### REQUIREMENT
In the listing below, find the line with "A detailed macro" and copy every line from there up to and including the line with "French Bulldog Themed", exactly and without pictures.

### DATA PROVIDED
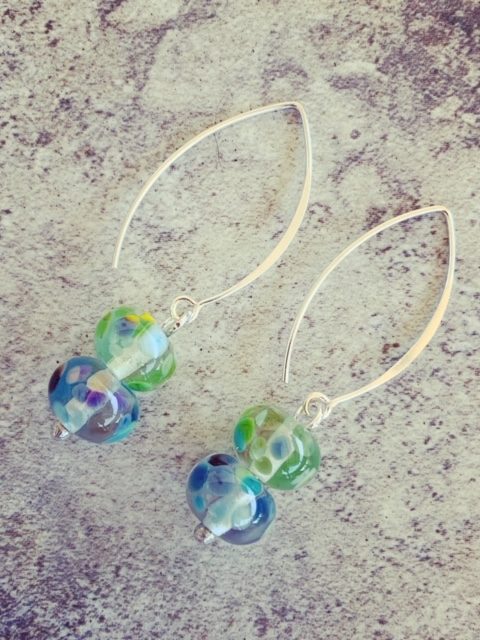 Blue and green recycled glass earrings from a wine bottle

...

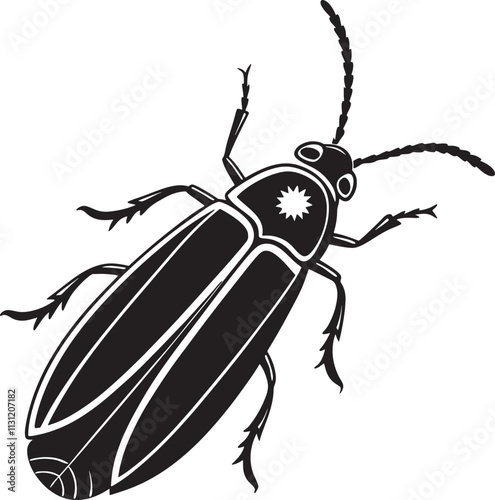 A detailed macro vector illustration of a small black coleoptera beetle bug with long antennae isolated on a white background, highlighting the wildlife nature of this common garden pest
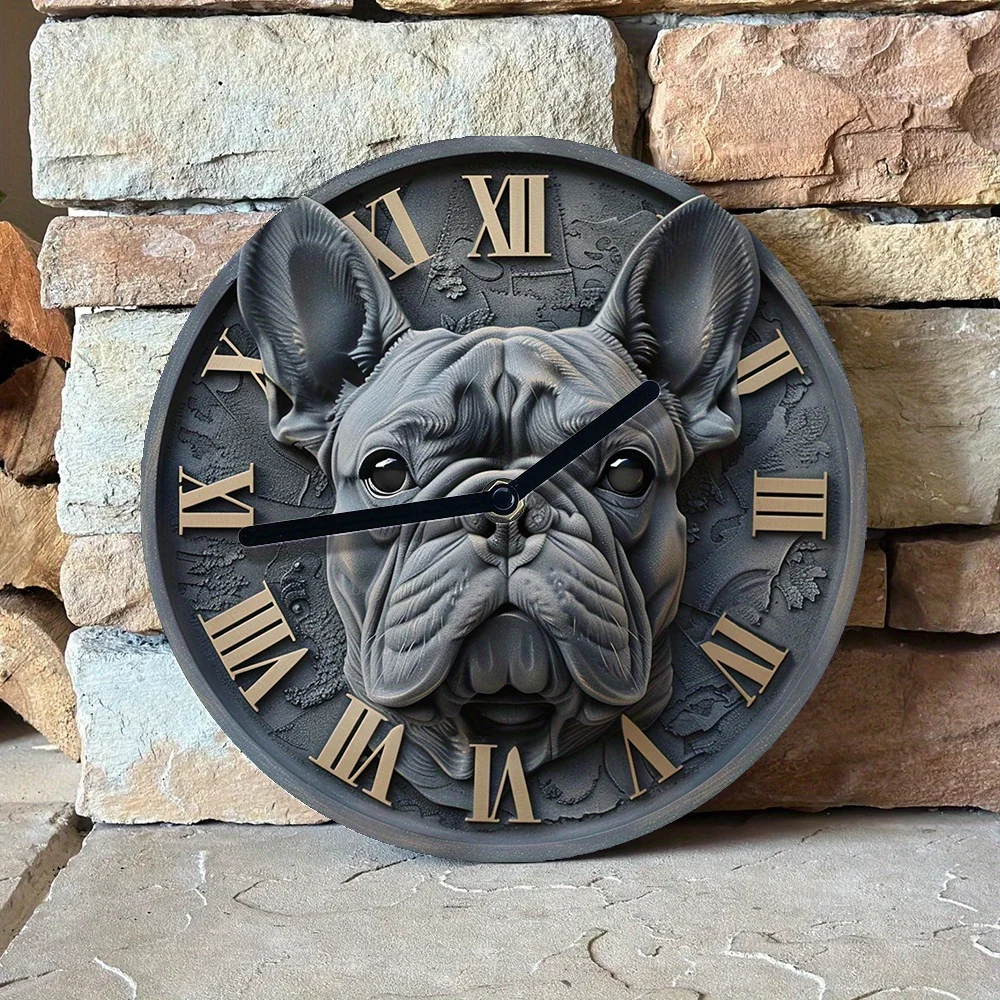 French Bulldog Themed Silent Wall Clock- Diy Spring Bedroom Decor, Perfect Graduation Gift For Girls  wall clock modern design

### THE COMPLETED TASK
 A detailed macro vector illustration of a small black coleoptera beetle bug with long antennae isolated on a white background, highlighting the wildlife nature of this common garden pest
 French Bulldog Themed Silent Wall Clock- Diy Spring Bedroom Decor, Perfect Graduation Gift For Girls  wall clock modern design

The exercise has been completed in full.